EXERCISE ->
Transcribe word for word the lines below from the line with "2021 Mercedes-Benz AMG GLA 35 Base" through the line with "540 GARDEN GROVE Dr, Roseburg, OR 97471", ends included.

*** Opening of RECORDS PROVIDED ***

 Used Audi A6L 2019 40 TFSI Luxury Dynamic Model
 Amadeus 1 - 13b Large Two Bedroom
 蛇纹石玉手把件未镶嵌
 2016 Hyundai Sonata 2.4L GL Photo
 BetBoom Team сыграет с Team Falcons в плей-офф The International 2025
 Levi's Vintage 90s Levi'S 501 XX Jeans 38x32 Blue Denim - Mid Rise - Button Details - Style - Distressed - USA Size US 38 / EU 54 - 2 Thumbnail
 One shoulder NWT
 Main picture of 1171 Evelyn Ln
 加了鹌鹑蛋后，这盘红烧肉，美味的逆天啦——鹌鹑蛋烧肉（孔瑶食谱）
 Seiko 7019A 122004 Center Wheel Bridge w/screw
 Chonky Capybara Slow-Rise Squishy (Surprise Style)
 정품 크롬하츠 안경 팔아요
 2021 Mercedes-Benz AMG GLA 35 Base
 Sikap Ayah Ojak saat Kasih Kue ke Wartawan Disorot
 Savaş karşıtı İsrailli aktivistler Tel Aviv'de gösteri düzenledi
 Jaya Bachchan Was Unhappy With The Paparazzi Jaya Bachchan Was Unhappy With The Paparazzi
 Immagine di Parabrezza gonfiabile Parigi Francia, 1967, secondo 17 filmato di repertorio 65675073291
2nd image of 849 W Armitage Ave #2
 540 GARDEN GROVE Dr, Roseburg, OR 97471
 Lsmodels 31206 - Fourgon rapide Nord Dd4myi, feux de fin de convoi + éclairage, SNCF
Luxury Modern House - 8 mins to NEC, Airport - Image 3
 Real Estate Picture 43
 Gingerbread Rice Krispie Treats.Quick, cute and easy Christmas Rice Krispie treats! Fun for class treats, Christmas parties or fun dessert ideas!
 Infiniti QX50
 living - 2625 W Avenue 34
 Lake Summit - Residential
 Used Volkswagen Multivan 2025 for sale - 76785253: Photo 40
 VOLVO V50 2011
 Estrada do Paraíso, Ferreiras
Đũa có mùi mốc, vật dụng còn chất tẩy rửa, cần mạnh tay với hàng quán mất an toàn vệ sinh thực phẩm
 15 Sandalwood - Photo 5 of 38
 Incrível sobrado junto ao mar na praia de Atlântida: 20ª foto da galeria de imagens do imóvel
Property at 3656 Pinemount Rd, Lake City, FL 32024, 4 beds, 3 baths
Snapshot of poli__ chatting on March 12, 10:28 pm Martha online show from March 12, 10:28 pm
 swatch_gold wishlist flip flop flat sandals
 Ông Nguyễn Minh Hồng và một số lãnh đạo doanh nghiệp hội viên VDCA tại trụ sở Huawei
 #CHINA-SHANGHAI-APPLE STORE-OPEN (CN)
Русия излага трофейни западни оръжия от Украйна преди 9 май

*** Close of RECORDS PROVIDED ***

OUTPUT FOR THIS EXERCISE ->
 2021 Mercedes-Benz AMG GLA 35 Base
 Sikap Ayah Ojak saat Kasih Kue ke Wartawan Disorot
 Savaş karşıtı İsrailli aktivistler Tel Aviv'de gösteri düzenledi
 Jaya Bachchan Was Unhappy With The Paparazzi Jaya Bachchan Was Unhappy With The Paparazzi
 Immagine di Parabrezza gonfiabile Parigi Francia, 1967, secondo 17 filmato di repertorio 65675073291
2nd image of 849 W Armitage Ave #2
 540 GARDEN GROVE Dr, Roseburg, OR 97471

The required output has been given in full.